Pada zaman modern sekarang ini, perselingkuhan (baca :perzinahan) dalam kehidupan rumah tangga suami-istri, adalah hal yang biasa terjadi dan dengan mudah dapat ditemukan dalam kehidupan masyarakat sehari-hari, baik di desa maupun dikota. Perselingkuhan adalah suatu perbuatan pengkhianatan yang sangat tercela dan merugikan bagi pihak-pihak yang menjadi korban. Perselingkuhan juga dapat menyebabkan hancurnya perkawinan, tekanan batin, rasa bersalah, dan balas dendam diantara para pelakunya.

“Siapa melakukan zinah tidak berakal budi, orang yang berbuat demikian merusak diri.” (Amsal 6:32)

Alkitab dengan sangat tegas melarang orang-orang yang telah terikat dalam perkawinan untuk melakukan perzinahan dengan orang yang bukan menjadi suami atau istrinya. Ancaman bagi orang-orang yang melanggar ketentuan tersebut adalah hukuman rajam atau dilempari batu sampai mati. (Imamat 20:10)
Namun demikian, yang menjadi aneh pada Alkitab ini adalah adanya penggambaran yang sedemikian rupa dalam menceritakan peristiwa perselingkuhan atau perzinahan yang dilakukan oleh dua orang berlainan jenis yang bukan suami-istri. Penggambaran itu sangat “vulgar” dan mendetail seperti layaknya cerita-cerita berbau erotis yang terdapat dalam buku-buku novel atau cerpen. Seolah-olah Tuhan seperti menganggap para pembaca kitab suci-Nya tidak mengerti akan arti kata “perselingkuhan”, kecuali dengan menguraikan arti kata tersebut ke dalam sebuah adegan cerita “roman picisan”, yang konon disampaikan melalui ucapan salah seorang rasul-Nya, bernama Salomo (Nabi Sulaiman), sebagai berikut:

“Kulihat diantara yang tak berpengalaman, kudapati diantara anak-anak muda seorang teruna yang tidak berakal budi, yang menyeberang dekat sudut jalan, lalu melangkah menuju rumah perempuan semacam itu (perempuan genit), pada waktu senja, pada petang hari, dimalam yang gelap.”

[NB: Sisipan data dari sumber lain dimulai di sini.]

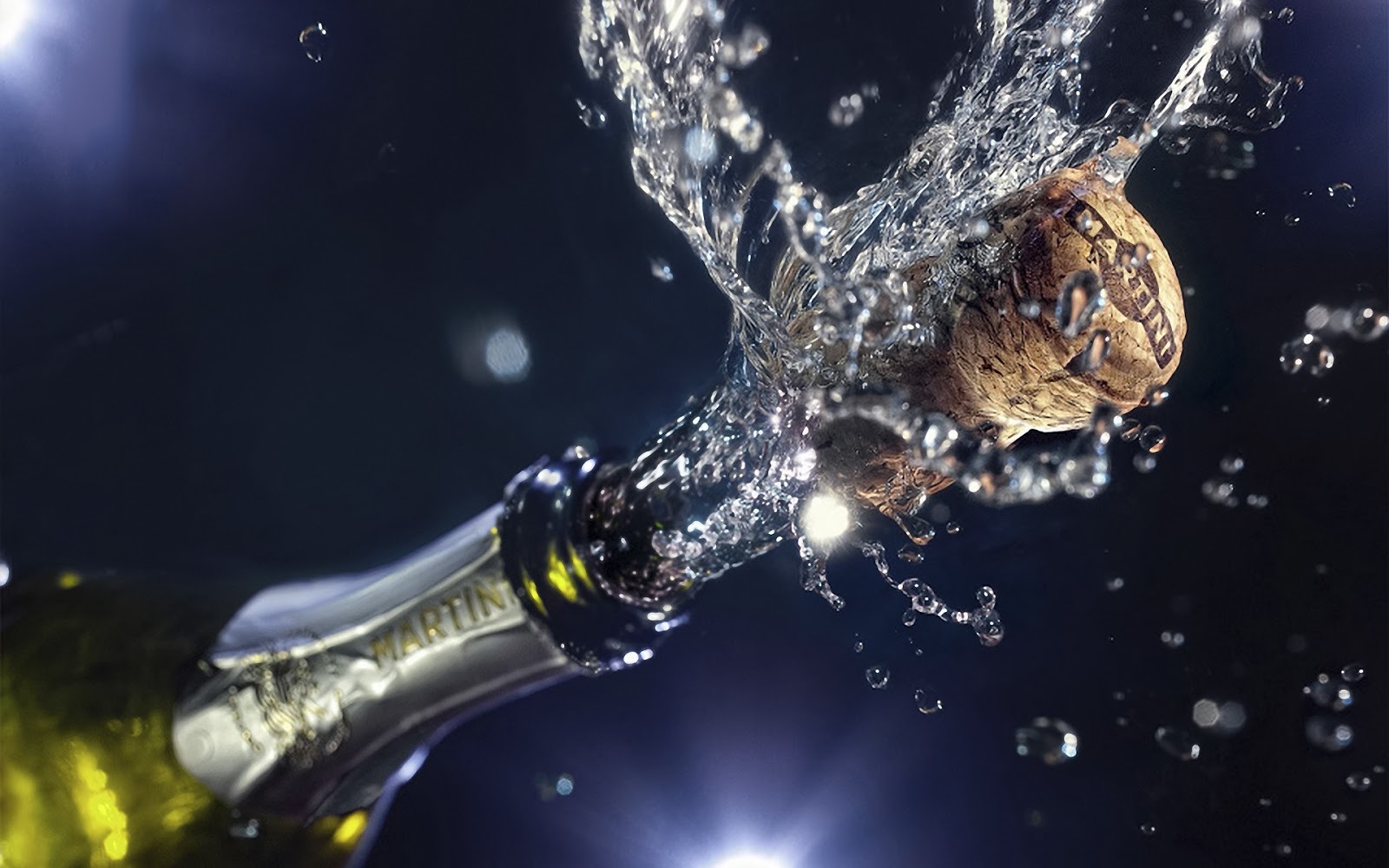 Hanging Off The Wire: Happy New Year&#039;s Eve!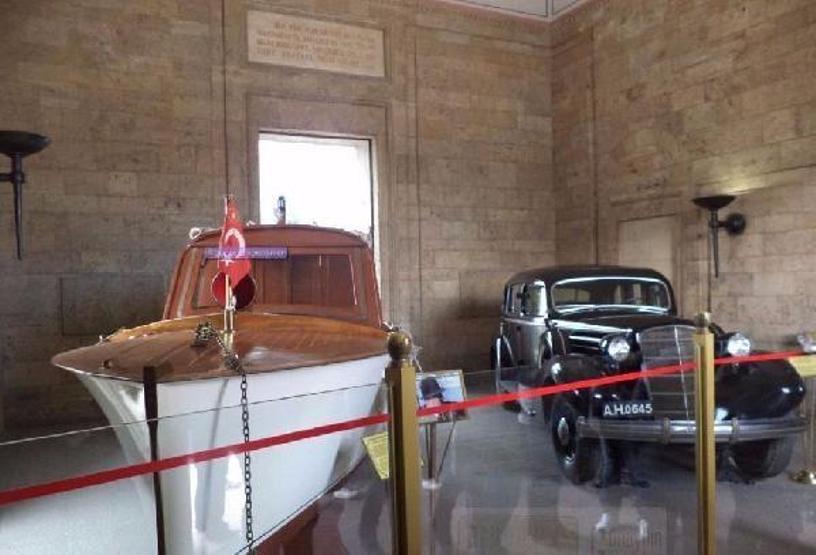 Atatürkün otomobilinin restorasyonu 5 yıl sürdü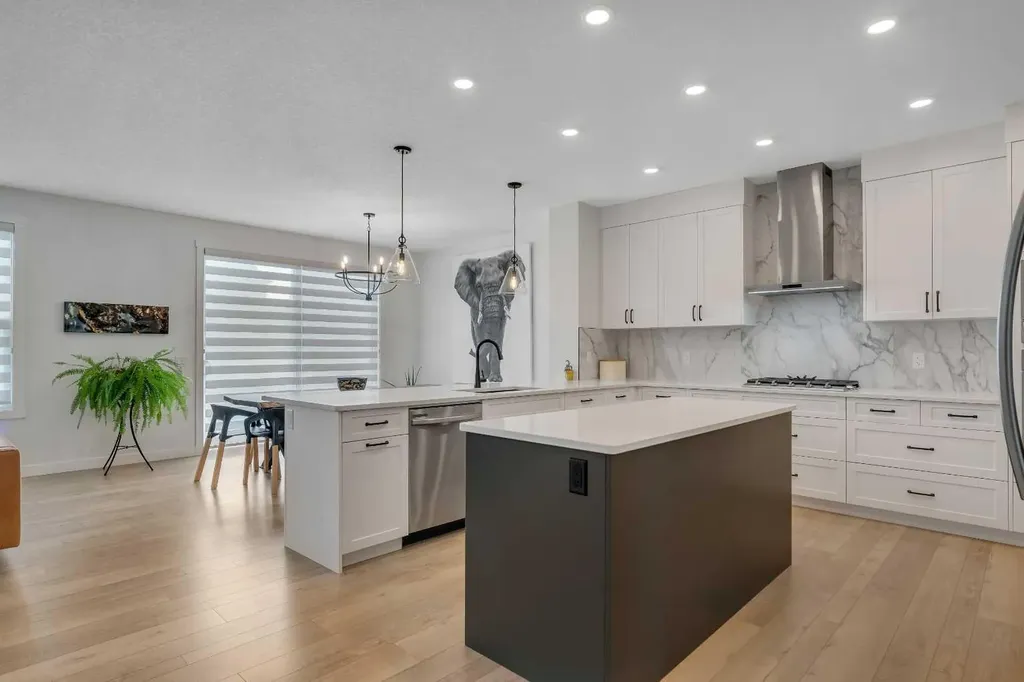 649 Sailfin Drive Rural Rocky View County AB T3Z 0J5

“Maka datanglah menyongsong dia seorang perempuan, berpakaian sundal dengan hati licik, cerewet dan liat perempuan ini, kakinya tak dapat tenang dirumah, sebentar ia dijalan dan sebentar di lapangan, dekat setiap tikungan ia menghadang.”

“Lalu dipegangnya orang teruna itu dan diciumnya, dengan muka tanpa malu berkatalah ia kepadanya : Aku harus mempersembahkan korban keselamatan, dan pada hari ini telah kubayar nazarku itu. Itulah sebabnya aku keluar menyongsong engkau, untuk mencari engkau dan sekarang kudapatkan engkau. Telah kubentangkan permadani diatas tepat tidurku, kain lenan beraneka warna dari Mesir. Pembaringanku telah kutaburi dengan mur, gaharu dan kayu manis. Marilah kita memuaskan birahi hingga pagi hari, dan bersama-sama menikmati asmara. Karena suamiku tidak dirumah, ia sedang dalam perjalanan jauh, sekantong uang dibawanya, ia baru pulang menjelang bulan purnama’.”

“Ia merayu orang muda itu dengan berbagai-bagai bujukan, dengan kelicinan bibir ia menggodanya. Maka tiba-tiba orang muda itu mengikuti dia, seperti lembu yang bawa ke penjagalan, dan seperti orang bodoh, yang terbelenggu untuk dihukum, sampai anak panah menembus hatinya…” (Amsal 7:7-23)

Lalu apa yang bisa kita peroleh setelah membaca cerita perselingkuhan tersebut? Perlukah cerita semacam itu dimasukkan kedalam kitab suci Tuhan? Lalu apa bedanya firman Tuhan dengan roman picisan, kalau begitu?